Fuente: La República
Cuando en el último año de colegio imaginaba lo que sería mi paso a la universidad, sentía vértigo. Contaminado por mis tempranas lecturas de Vargas Llosa, Bryce y Ribeyro, imaginaba un ambiente como el del patio de letras de la casona de San Marcos, como la Plaza Francia, o como el de los cafetines del Jirón de la Unión, donde los intelectuales se reunían a discutir las noticias y tendencias que llegaban de Europa.
Pero apenas ingresé a principios de 1993 caí en la cuenta de mi ingenuidad. Hacía rato que la universidad había dejado de ser ese centro de debate y ebullición cultural, donde el conocimiento y la política eran dos caras de una misma moneda, y se vivía intensamente, al ritmo de lecturas y polémicas deslumbrantes.

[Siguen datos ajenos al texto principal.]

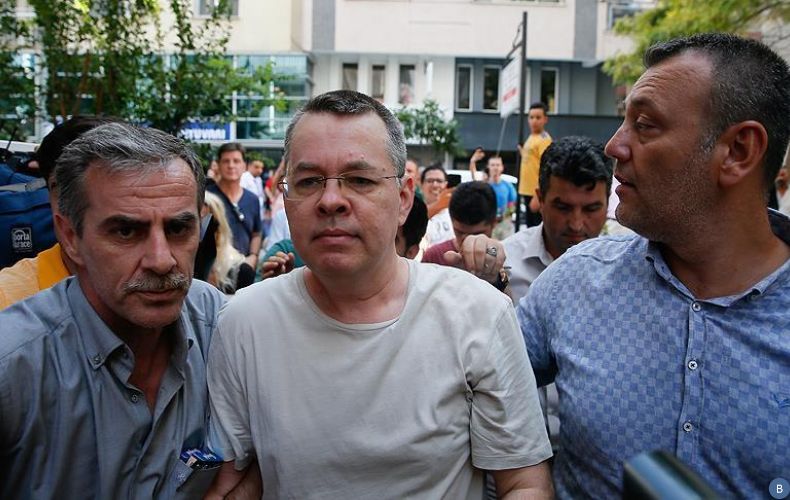 Суд в Турции вновь не освободил Брансона
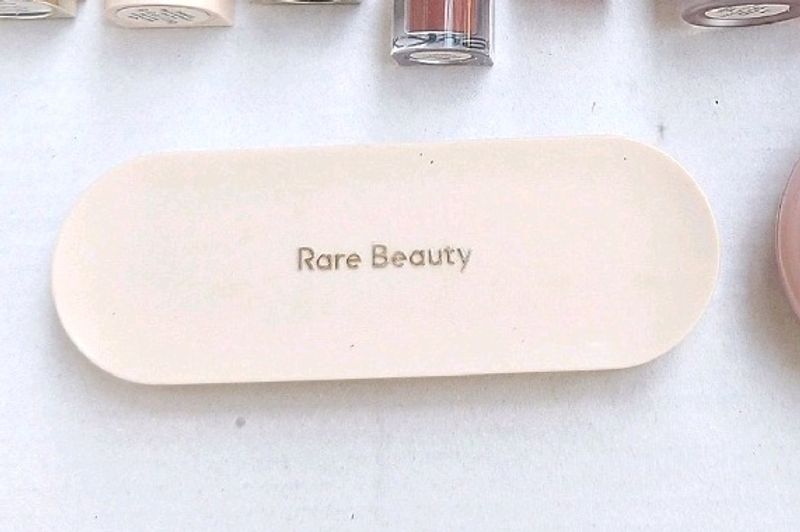 🤯Price Dropped 🎊Rare Beauty Eyeshadow Pallete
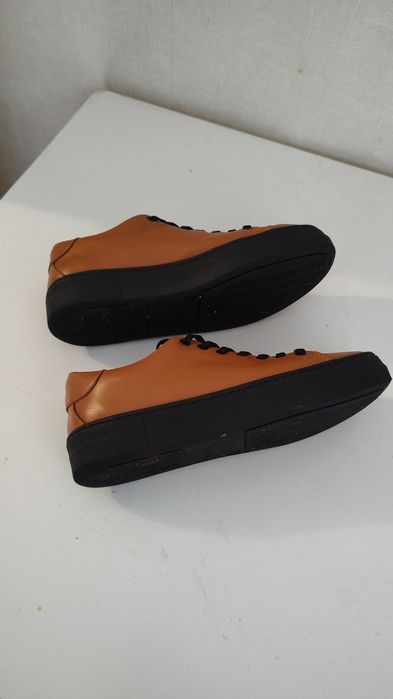 Дамски кецове...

El Perú experimentaba los primeros coletazos de un gobierno que en nombre de la paz y la prosperidad había quebrado el orden constitucional hacía apenas un año, y la ideología imperante, incluso en los centros de educación superior, era el autoritarismo.
Por todos lados se sentía los aires de represión. Con la mente puesta en la anarquía del pasado inmediato, con huelgas interdiarias y la perturbadora presencia de los grupos subversivos entre el estudiantado, las autoridades universitarias habían decidido segar casi cualquier manifestación de libertad, con medidas que de tan estrictas resultaban ridículas. Llegó a estar prohibido reunirse en los jardines, tocar guitarra y cantar en las facultades, y hasta los enamorados debían cuidarse de ser excesivamente efusivos. Los alumnos parecían laxados por este estado de las cosas, y las voces opositoras eran escasas. La gran mayoría se limitaba a asistir a clases con la idea de terminar cuanto antes su carrera.

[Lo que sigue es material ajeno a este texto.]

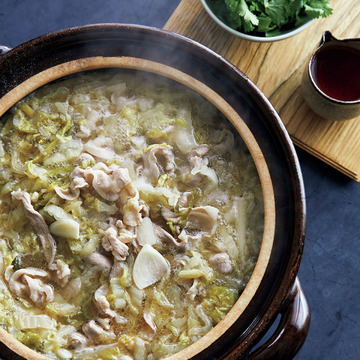 料理家・堤人美さんが提案！ 冬野菜が美味しい鍋レシピ　五選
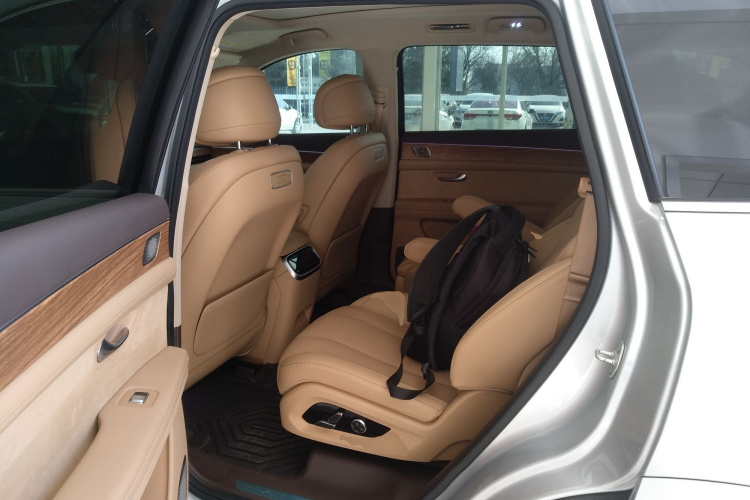 鸿蒙智行 问界M7 2024款 1.5T 后驱Plus版 6座中控内饰7004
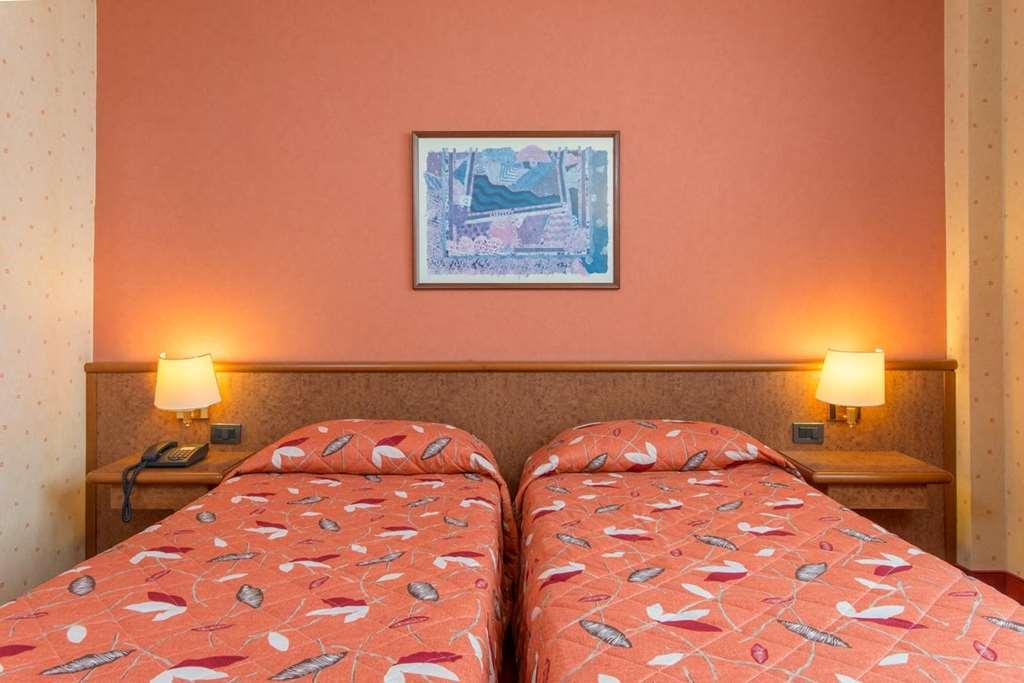 Meditur Hotel Pomezia Chambre photo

Si esto ocurría en la Católica, ¿cómo sería el clima en las universidades públicas, como San Marcos, intervenidas militarmente, con tanquetas estacionadas frente a los pabellones y soldados dando rondas por el campus con el fusil al hombro?
Felizmente, aunque la crisis en la educación no ha encontrado solución, aquellos años pasaron. La actitud resignada de los noventa (que terminó entre olores de gas lacrimógeno en junio de 1997, cuando miles de personas marchamos contra la destitución de los magistrados del Tribunal Constitucional que se opusieron a la reelección de Alberto Fujimori), ha dado paso a organizaciones como Universidad Coherente, una ONG cuya dedicación al seguimiento de políticas de transparencia en la universidad pública ha contribuido al diagnóstico de este frondoso tema.

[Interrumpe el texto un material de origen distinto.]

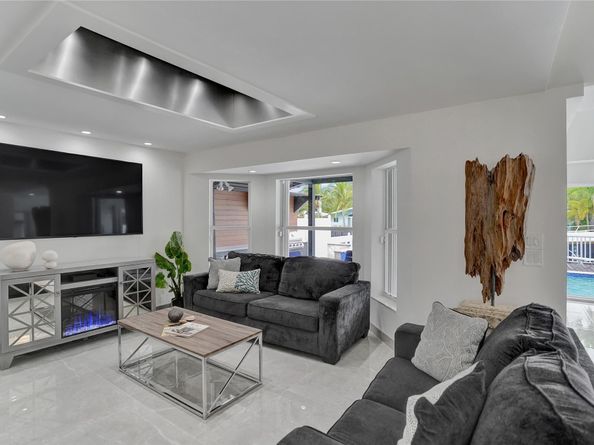 2363 SE 15th St, Pompano Beach FL 33062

Una de las primeras constataciones ha sido que, a contrapelo de lo que se cree, el problema presupuestario ya no es de los más gravitantes. Desde el 2004 hasta el 2009 los fondos se han duplicado −de 1400 a 2800 millones de soles−, lo que ha servido de muy poco, pues los servicios que ofrece la universidad pública se mantienen iguales, si no han empeorado. La carencia de gestores competentes ha impedido que estos dineros puedan gastarse bien. En este mismo período de tiempo, por ejemplo, solo por concepto de canon han ingresado 930 millones de soles a nivel nacional, que debieron invertirse en proyectos de investigación. De ellos, las universidades públicas de todo el país solo han sido capaces de gastar 159 millones.
El Ministerio de Economía y Finanzas ha redoblado esfuerzos para revertir esta situación y frenar las intenciones de las autoridades universitarias de destinar estos ingresos extraordinarios al pago de gasto corriente, como sueldos. Una alternativa sería invertir en becas al extranjero, que luego reviertan en una mejora del capital humano.
Este podría ser un primer paso importante para cambiar una situación que solo se da en el Perú, donde, a diferencia de Brasil, México o Argentina, la universidad privada brinda una mejor formación que la pública. Democratizar y extender la educación es una tarea urgente: mientras no se consiga, las puertas al primer mundo −a donde queremos asomarnos en el bicentenario de nuestra independencia− seguirán cerradas como un sésamo.